**Exercise brief**
In the entries that follow, find the line containing "Đại tướng Phan"; from there, copy every line exactly through the line containing "نمایشگاه کامیون امیری در برازجان".

**Supplied records**
·····
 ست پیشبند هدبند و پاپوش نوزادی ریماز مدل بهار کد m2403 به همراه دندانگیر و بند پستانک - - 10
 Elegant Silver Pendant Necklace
·····
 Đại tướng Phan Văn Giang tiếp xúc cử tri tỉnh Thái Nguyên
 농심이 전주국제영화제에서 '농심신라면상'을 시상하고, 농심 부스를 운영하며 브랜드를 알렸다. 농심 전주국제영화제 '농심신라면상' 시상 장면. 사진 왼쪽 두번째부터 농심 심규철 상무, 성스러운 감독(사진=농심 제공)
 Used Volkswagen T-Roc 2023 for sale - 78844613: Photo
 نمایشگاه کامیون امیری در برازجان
·····
**Worked solution**
 Đại tướng Phan Văn Giang tiếp xúc cử tri tỉnh Thái Nguyên
 농심이 전주국제영화제에서 '농심신라면상'을 시상하고, 농심 부스를 운영하며 브랜드를 알렸다. 농심 전주국제영화제 '농심신라면상' 시상 장면. 사진 왼쪽 두번째부터 농심 심규철 상무, 성스러운 감독(사진=농심 제공)
 Used Volkswagen T-Roc 2023 for sale - 78844613: Photo
 نمایشگاه کامیون امیری در برازجان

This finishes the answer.